I think that we dismiss nightmares too readily, we soothe children by telling them that it was ‘only a dream’, and this is done for good reason- but it can lead to us dismissing nightmares and ignoring the affect that they have on us. A nightmare can scare you badly, it can make you paranoid and change your behaviour. One of the worst that I ever had meant that I couldn’t sleep with any windows open for around two years.

They can also be telling us something important; they give us an insight into our innermost feelings. When my partner was overseas last month I had a terrible nightmare that involved him being taken away from me, all traces of our life together vanishing in front of my eyes. In my dream I vowed never to rest until I found him again. For me this was an insight into the depth of our bond and my worries regarding his job; both things that I already knew subconsciously but hadn’t fully realised yet.
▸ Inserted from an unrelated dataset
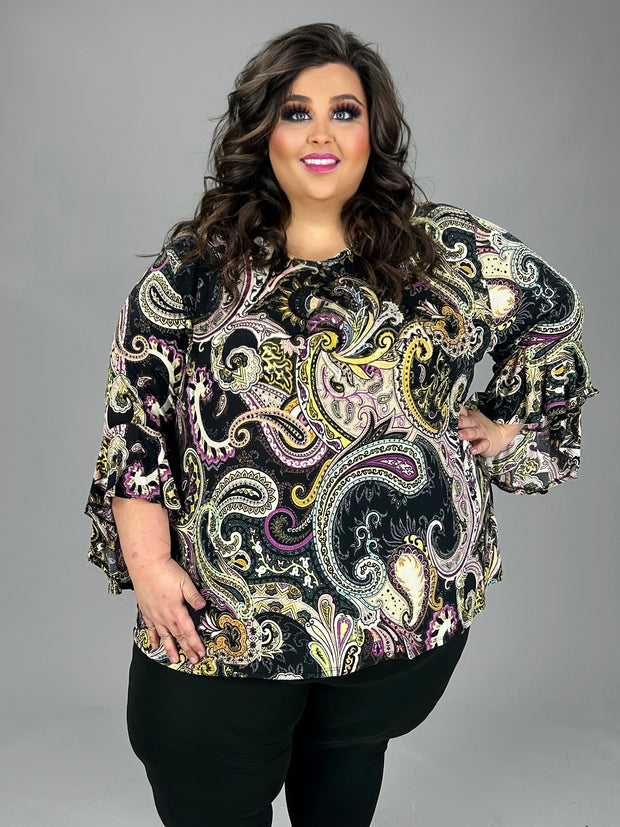 SALE!! 12 PQ {Ready For You} Purple/Mustard Paisley Print Top EXTENDED PLUS SIZE 4X 5X 6X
Bad dreams about my job allow me to see that I need to quit and find another one, and a constant theme of having no control allows me to see that this is something that frightens me.

When I was about fifteen my nightmares were so bad that I knew I had to do something about them, I would avoid going to sleep and this would only make everything worse in terms of my mental health. I started to learn about lucid dreaming. I think this is something that I’ve talked about before, but I’ll mention it again for the sake of this post.

The way I learnt to lucid dream was by drawing an ‘A’ on the back of my hand and checking it every hour. Every hour when I looked at it I would do something to test that I was actually awake- such as pinching myself, drinking something, speaking to someone else- the most affective but risky thing to do is to look in a mirror. I say ‘risky’ because if you are dreaming then generally the image that you’re presented with can be pretty nasty/scary.

Using this technique I gradually got a handle on lucid dreaming. I remember clearly the first few times that I did it, it was such a wonderful sense of achievement. I still have nightmares, but a lot of the time I can wake myself up from them- or I try another technique.

The other technique that I use isn’t conscious at all, it’s something that I do as a person in times of trouble/need in my waking life and so has clearly seeped into my dreaming life too… when my I’m stuck in a nightmare and things are getting very bad, I call for the Gods.

My Gods help me when I’m awake and when I’m asleep, the offer me protection and guidance even when I’m at my most vulnerable.


Wren x



One thought on “Nightmares

  1. I totally agree that nightmares shouldn’t be ignored as ‘just dreams’. They are, as you said, a window into our subconscious worries. However, waking yourself up from a lucid dream is often not the solution. In a lucid dream you cannot run from the nightmare, believe me I’ve tried. The answer is to address the nightmare with love and positivity. I know this might seem crazy, but it works. A dream is your subconscious so if you project positivity then the dream becomes positive. It really works as long as you can let go of all your fear. You should wake up feeling happy and healed. Going to bed happy after mediation also helps.